Unsupervised learning algorithms
Unsupervised learning algorithms learn the properties of data on their own without explicit human intervention or labeling. Typically within the AI field, unsupervised learning technique learn the probability distribution that generated a dataset. These algorithms, such as autoencoders (we will visit these later in the book), are useful for a variety of tasks where we simply don't know important information about our data that would allow us to use traditional supervised techniques.
PCA is an unsupervised method for feature extraction. It combines input variables in such a way that we can drop those variables that provide the least amount of information to us. Afterwards, we are left with new variables that are independent of each other, making them easy to utilize in a basic linear model.
AI applications are fundamentally hampered by the curse of dimensionality. This phenomenon, which occurs when the number of dimensions in your data is high, makes it incredibly difficult for learning algorithms to perform well. PCA can help alleviate this problem for us. PCA is one of the primary examples of what we call dimensionality reduction, which helps us take high-feature spaces (lots of data attributes) and transform them into lower-feature spaces (only the important features).

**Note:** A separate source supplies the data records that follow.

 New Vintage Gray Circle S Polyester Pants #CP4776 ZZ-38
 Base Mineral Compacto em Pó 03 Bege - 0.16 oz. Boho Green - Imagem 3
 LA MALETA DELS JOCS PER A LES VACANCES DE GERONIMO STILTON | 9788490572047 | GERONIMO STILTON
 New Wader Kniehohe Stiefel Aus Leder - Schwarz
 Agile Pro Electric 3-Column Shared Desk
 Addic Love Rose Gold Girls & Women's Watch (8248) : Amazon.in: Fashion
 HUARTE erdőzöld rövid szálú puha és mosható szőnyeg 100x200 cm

Dimensionality reduction can be conducted in two primary ways: feature elimination and feature extraction. Whereas feature elimination may involve the arbitrary cutting of features from the dataset, feature extraction (PCA is a form of) this gives us a more intuitive way to reduce our dimensionality. So, how does it work? In a nutshell:
- We create a matrix (correlation or covariance) that describes how all of our data relates to each other
- We decompose this matrix into separate components, called the eigenvalues and the eigenvectors, which describe the direction and magnitude of our data
- We then transform or project our original data onto these components
Let's break this down in Python manually to illustrate the process. We'll use the same Iris dataset that we used for the supervised learning illustration. First, we'll create the correlation matrix:
features = (features - features.mean()) / features.std()

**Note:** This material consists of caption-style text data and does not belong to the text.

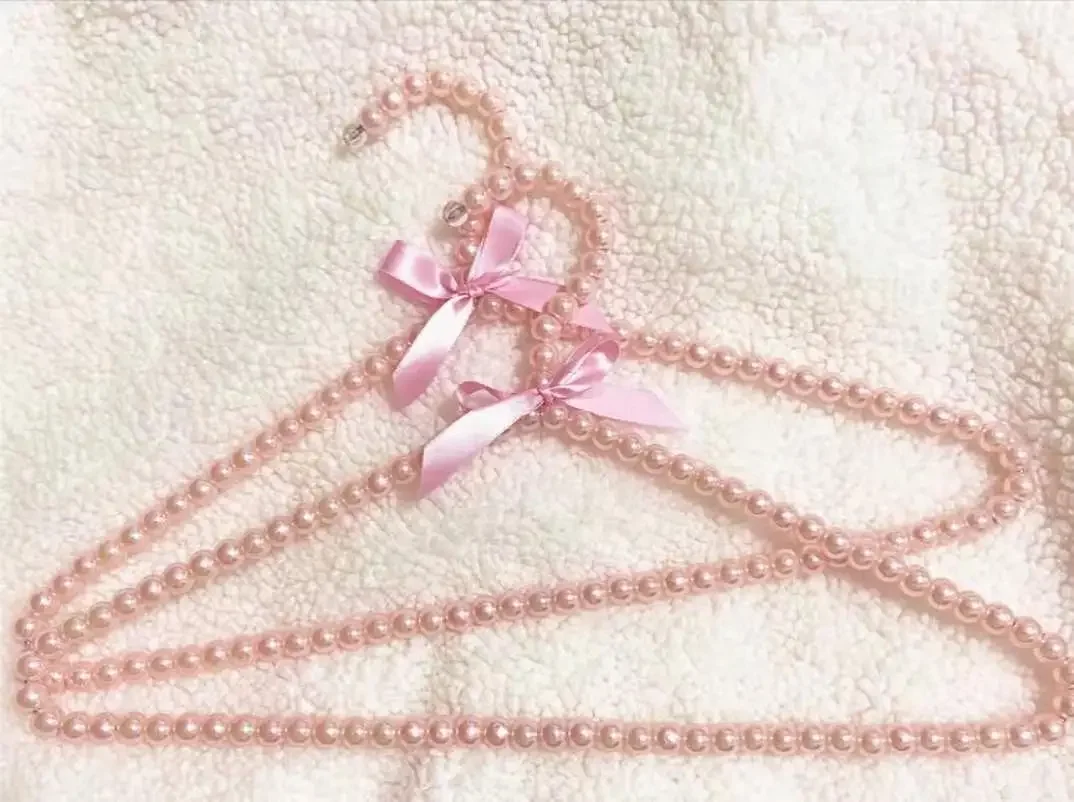 2 stks/set Baby Hangers Voor Kleding Kinderen Huisdier Parel Plastic Hanger Kind Kledingrek Hond Mini Hangers Garderobe Baby Kapstok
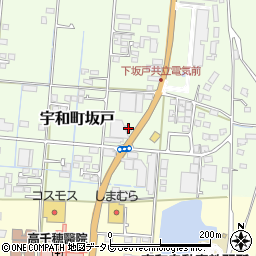 愛媛県西予市宇和町坂戸583周辺の地図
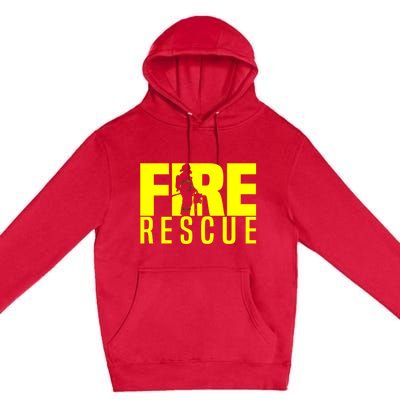 Fire Rescue Department Firefighters Fire Uniform Duty Premium Pullover Hoodie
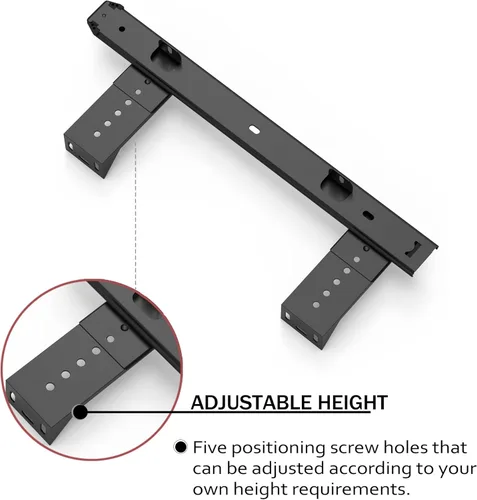 Vista 3 de FRMSAET Bandeja Deslizante para Cajón de Teclado Hardware 12/14/16/18 pulgadas Rieles de Metal Resistente Rieles para Teclado Accesorios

corr_matrix = np.corrcoef(data.values.T)
corr_matrix.corr()
The output should look as follows:
Our correlation matrix contains information on how every element of the matrix relates to each other element. This record of association is essential in providing the algorithm with information. Lots of variability typically indicates a signal, whereas a lack of variability indicates noise. The more variability that is present in a particular direction, the more there is to detect. Next, we'll create our eigen_values and eigen_vectors:
eigen_values, eigen_vectors = np.linalg.eig(corr_matrix)
The output should look as follows:
Eigenvectors and Eigenvalues come in pairs ; each eigenvectors are directions in of data, and eigenvalues tell us how much variance exists within that direction. In PCA, we want to understand which inputs account for the most variance in the data (that is: how much do they explain the data). By calculating eigenvectors and their corresponding eigenvalues, we can begin to understand what is most important in our dataset.

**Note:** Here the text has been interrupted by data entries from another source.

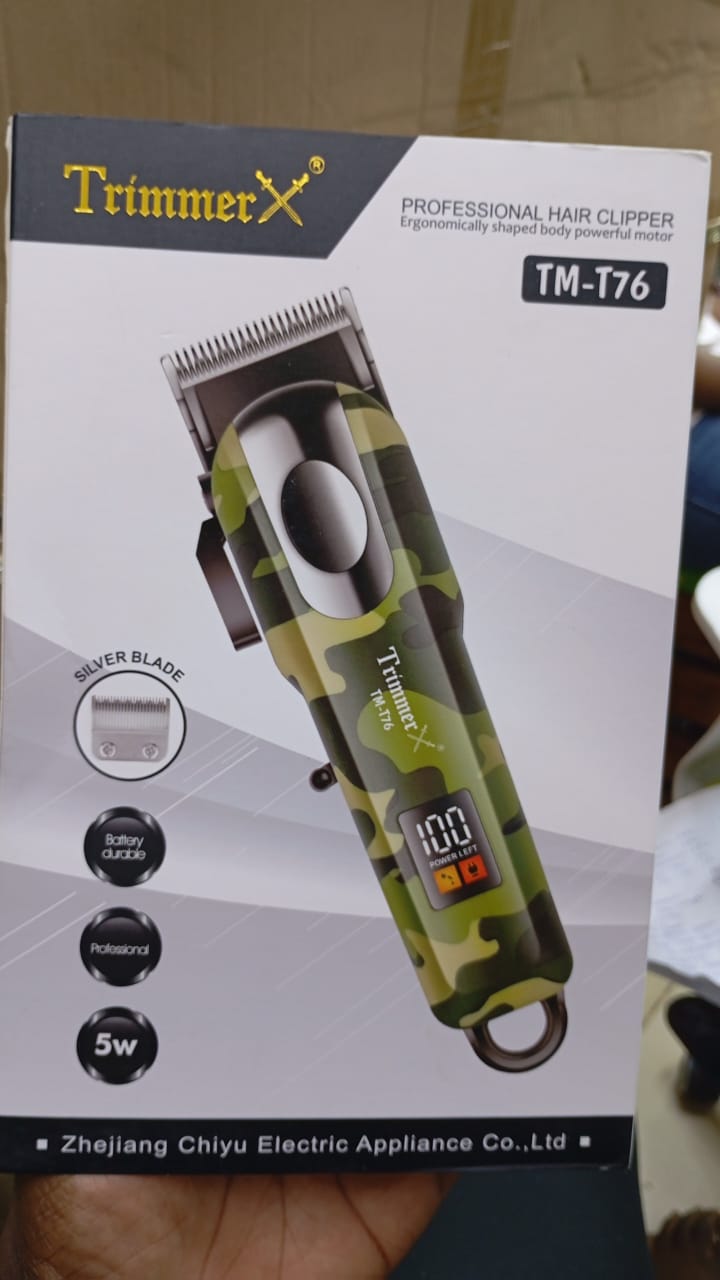 Military TM-T76 Professional Hair Clipper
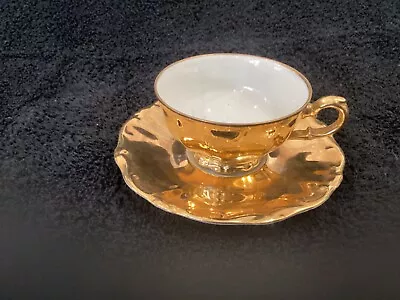 Vintage Coffee Cup Duo Gold Finish Bavaria Germany • $19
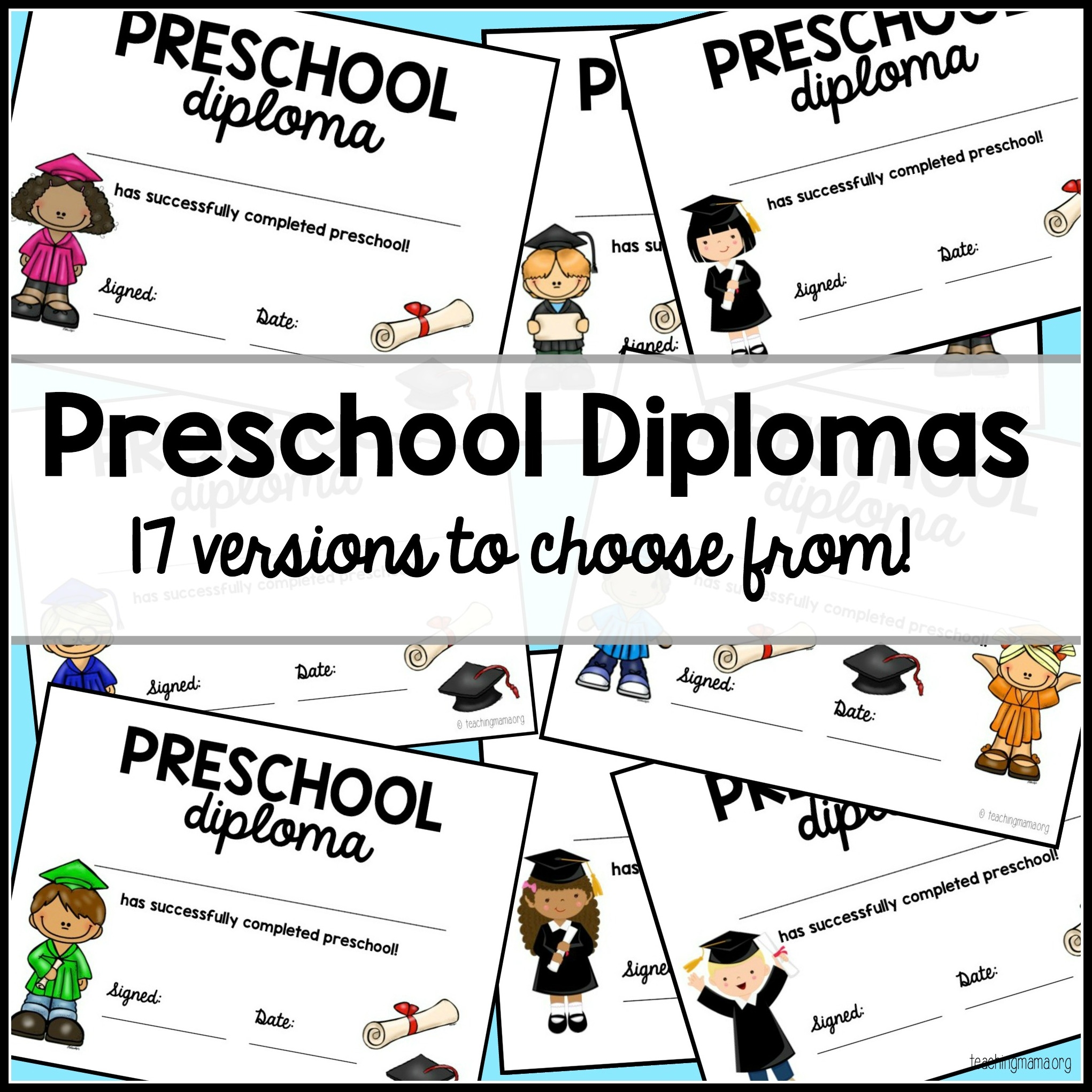 Free Printable Preschool Certificates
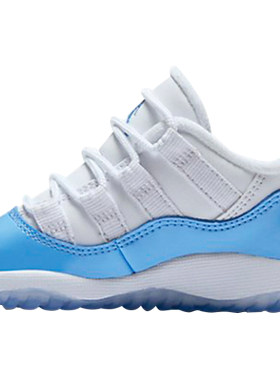 Jordan乔11low北卡蓝童鞋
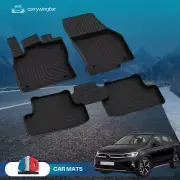 Floor Mats Liner for Volkswagen Taigo 2022-2025 Rubber All-Weather Protection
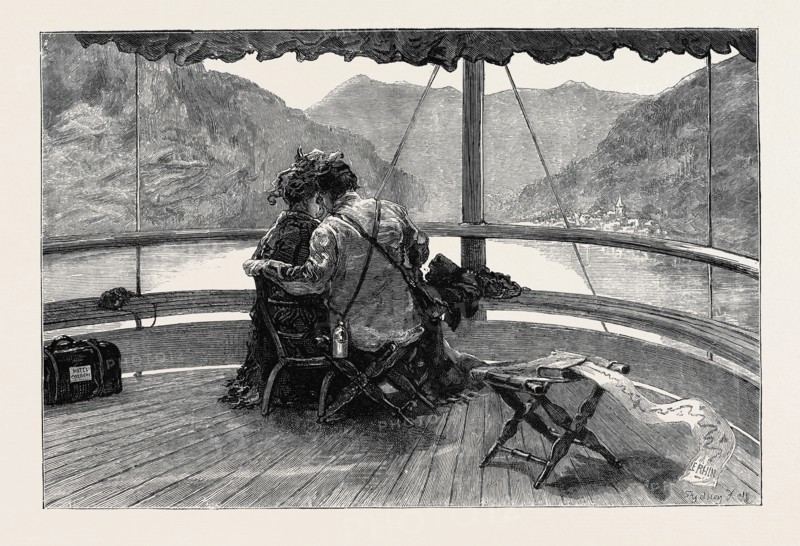 AN AUTUMN TOUR IN SWITZERLAND: ON THE RHINE BOAT, THE BRIDE AND BRIDEGROOM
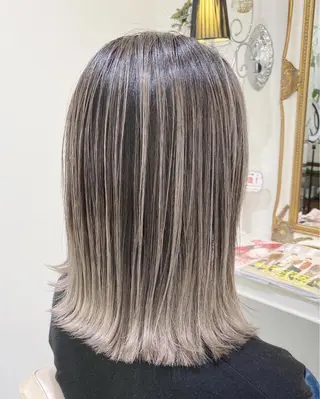 ミディアム カラー 山崎俊輔/髪質改善 /バレイヤージュのヘアスタイル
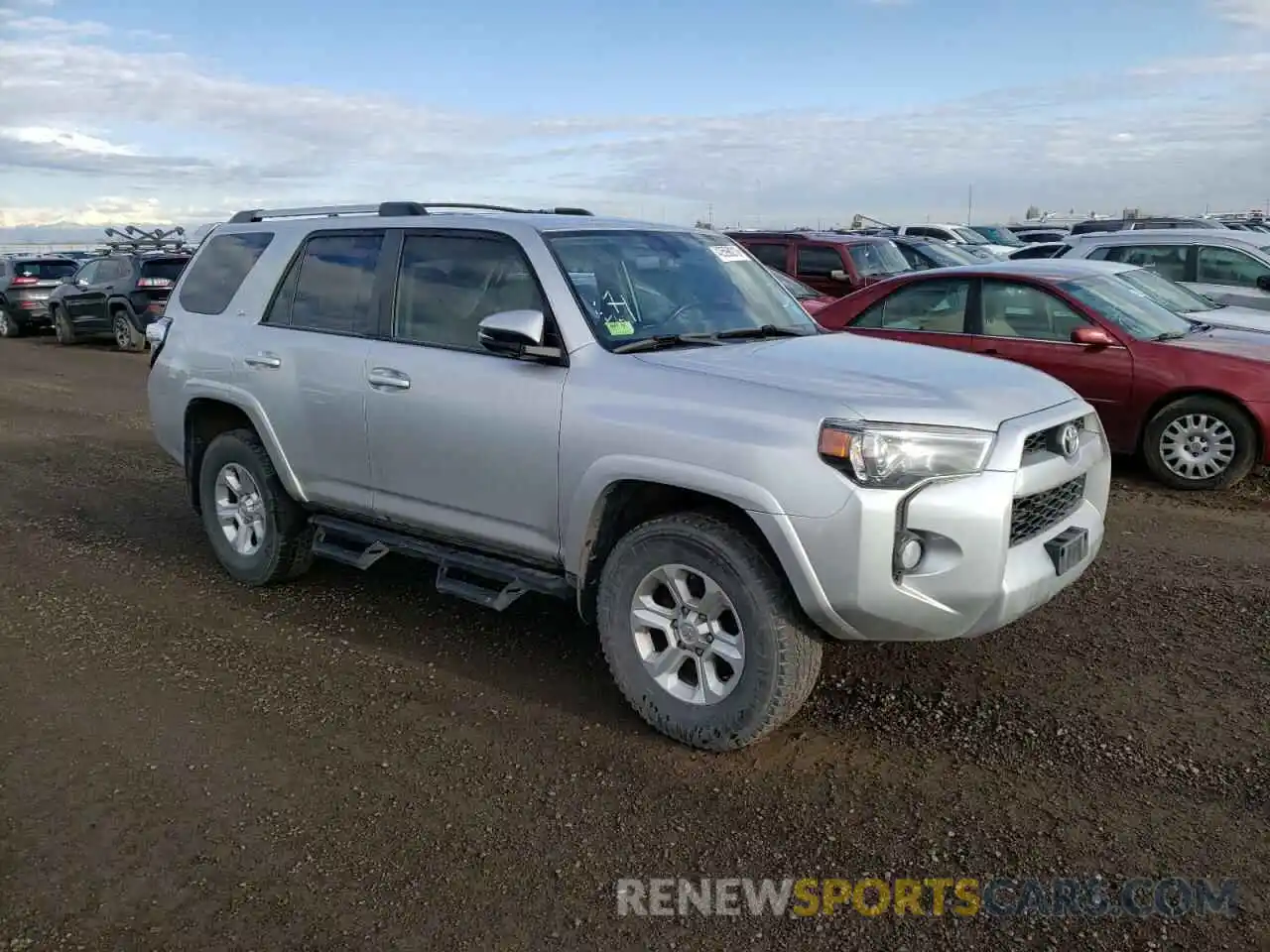 1 Photograph of a damaged car JTEBU5JR3K5657142 TOYOTA 4RUNNER 2019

We now want to sort the pairs of eigenvectors/eigenvalues from highest to lowest.
eigenpairs = [[eigen_values[i], eigen_vectors[:,i]] for i in range(len(eigen_vectors))]
eigenpairs.sort(reverse=True)
Lastly, we need to project these pairs into a lower dimensional space. This is dimensionality reduction aspect of PCA:
projection = np.hstack((eigenpairs[0][1].reshape(eig_vectors.shape[1],1),
eigenpairs[1][1].reshape(eig_vectors.shape[1],1)))
We'll then conduct this transformation on the original data:
transform = features.dot(projection)
We can then plot the components against each other:
fig = plt.figure(figsize=(8,8))
ax = fig.gca()
ax = sns.regplot(transform.iloc[:,0], transform.iloc[:,1],fit_reg=False, scatter_kws={'s':70}, ax=ax)
ax.set_xlabel('principal component 1', fontsize=10)
ax.set_ylabel('principal component 2', fontsize=10)
for tick in ax.xaxis.get_major_ticks():
tick.label.set_fontsize(12)
for tick in ax.yaxis.get_major_ticks():
tick.label.set_fontsize(12)
ax.set_title('Pricipal Component 1 vs Principal Component 2\n', fontsize=15)
plt.show()
You should see the plot as follows:
So when should we use PCA? Use PCA when the following are true:
- Do you have high dimensionality (too many variables) and want a logical way to reduce them?
- Do you need to ensure that your variables are independent of each other?
One of the downsides of PCA, however, is that it makes the underlying data more opaque, thus hurting it's interpretability. Besides PCA and the k–means clustering model that we precedingly described, other commonly seen non-deep learning unsupervised learning algorithms are:
- K-means clustering
- Hierarchical clustering
- Mixture models